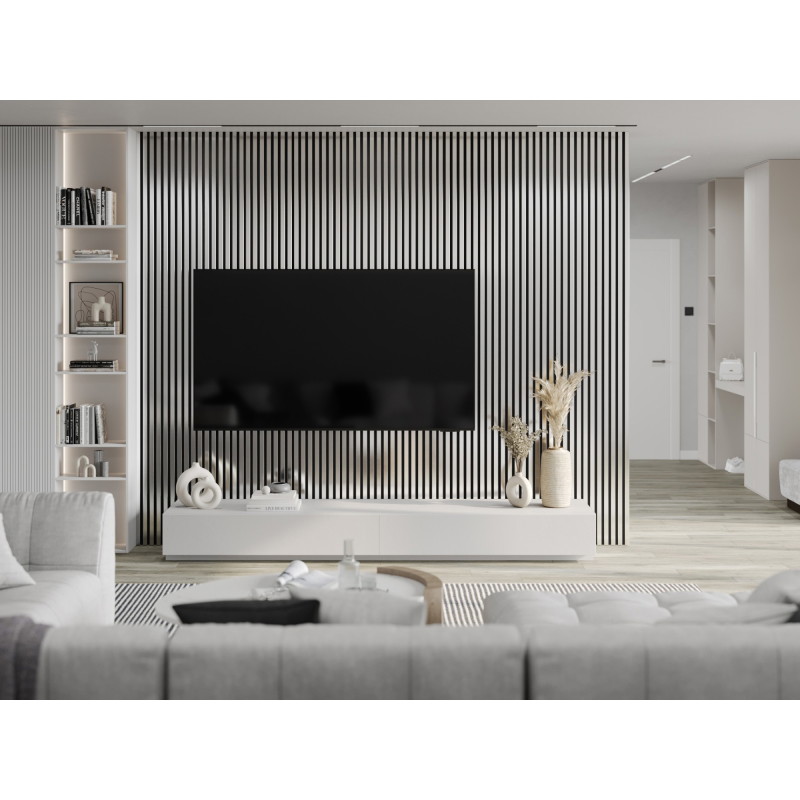 Mexen Lam-F lamelles murales acoustiques 275 x 31,5 cm, feutre 6 mm, Argent - S105-275317-2812-056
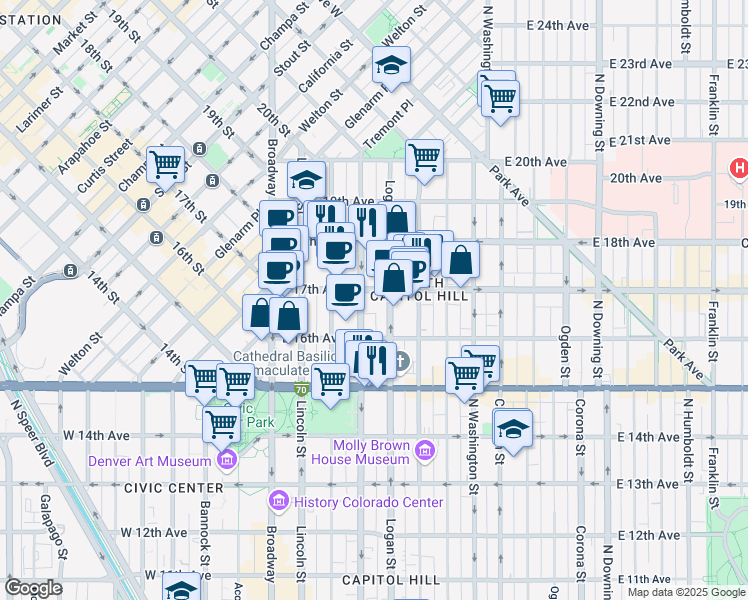 map of restaurants, bars, coffee shops, grocery stores, and more near 300 East 17th Avenue in Denver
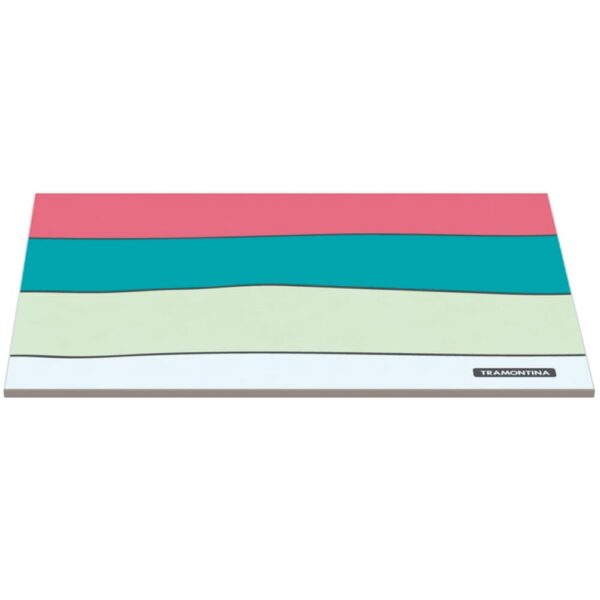 Tabla de vidrio templado rectangular blanco con estampado de colores de 25 x 35cm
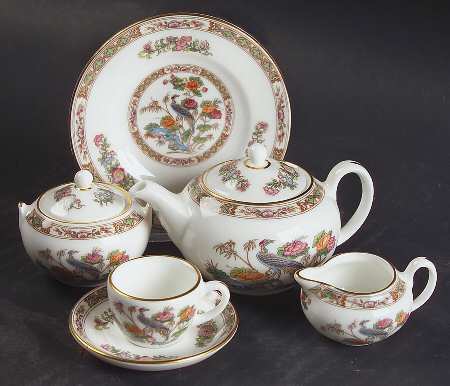 Kutani Crane (8 Pcs) Miniature Tea Set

Aim of the exercise —
Every line of the material should be repeated precisely; pictures are to be excluded.

Exercise output —
 Mexen Lam-F lamelles murales acoustiques 275 x 31,5 cm, feutre 6 mm, Argent - S105-275317-2812-056
 map of restaurants, bars, coffee shops, grocery stores, and more near 300 East 17th Avenue in Denver
 Tabla de vidrio templado rectangular blanco con estampado de colores de 25 x 35cm
 Kutani Crane (8 Pcs) Miniature Tea Set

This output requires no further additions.